Born in Burlington, Vermont in 1946, Bundy was the illegitimate child of a woman whose family was so ashamed of his mother’s unmarried status that when she gave birth his grandparents claimed him as their own. They led Ted and others to believe that his mother was his older sister. It was not until he was thirteen, that a cousin proved to Ted that his “older sister” was actually his mother. As a result, Ted later admitted to being angry at his mother for withholding the truth all of those years, however, if he experienced or was imprinted with the deep shame that was extended toward her in his infancy, one will never know. What is known is that he experienced a deep confusion as a small child with respect to his identity. Moreover, one can assume that Bundy’s mother, having to play the role of an older sister, was more emotionally removed from him than she might have been if she had openly been able to mother him. As a result, perhaps this had an impact in building his serial killer characteristics.

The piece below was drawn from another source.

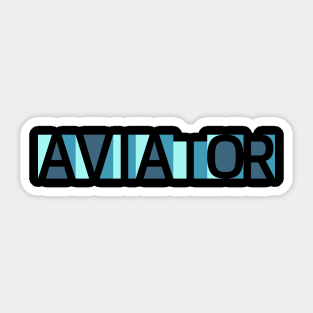 Aviator Sticker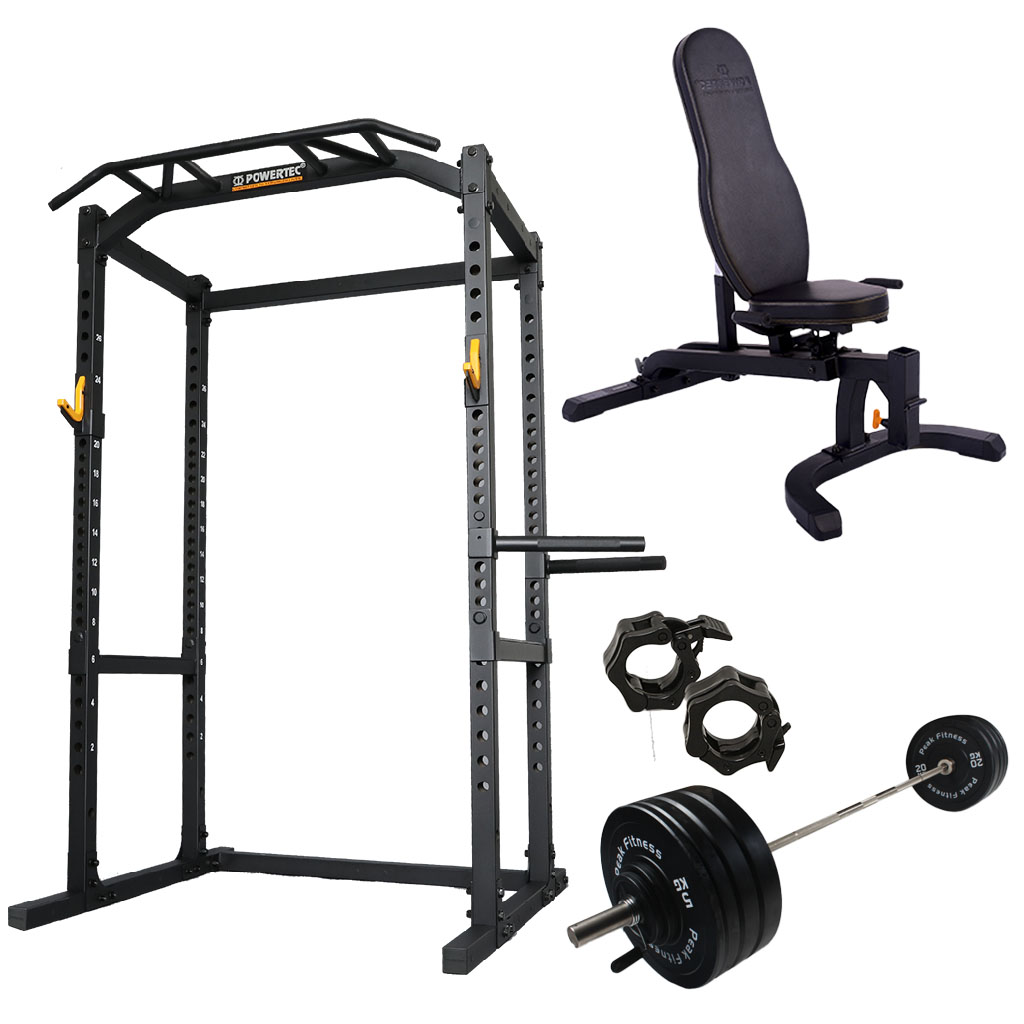 Powertec  Power Rack    Bumper Vægtsæt 128 Kg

This could be so because as the The Swiss Criminal Profiling Scientific Research Site, that studied characteristics of a number of serial killers, indicates:
From birth to age 6/7, studies have shown, the most important adult figure in a child’s life under traditional circumstances is the mother, and it is this period that the child learns what love is. Relationships between the researched subjects and their mothers were uniformly cool, distant, unloving, neglectful, with very little touching, emotional warmth – the children were deprived of love.
As a small child, the grandfather who served as his father figure was Ted’s beloved role model from whom he was involuntarily separated when his mother moved him to Washington State. Being torn from this father figure he loved at the young age of four, may have affected Bundy’s ability to socialize properly. This quote suggests that:
From ages of 8 to 12, all the negative tendencies present in their early childhoods were exacerbated and reinforced. In this period, a male child really needs a father, and it was in just this time period that the fathers of half the subjects disappeared in one way or another. Potential murderers became solidified in their loneliness first during the age period of 8 to 12; such isolation is considered the single most important aspect of their psychological makeup. (Swiss Criminal Profiling, Childhoods of Violence?)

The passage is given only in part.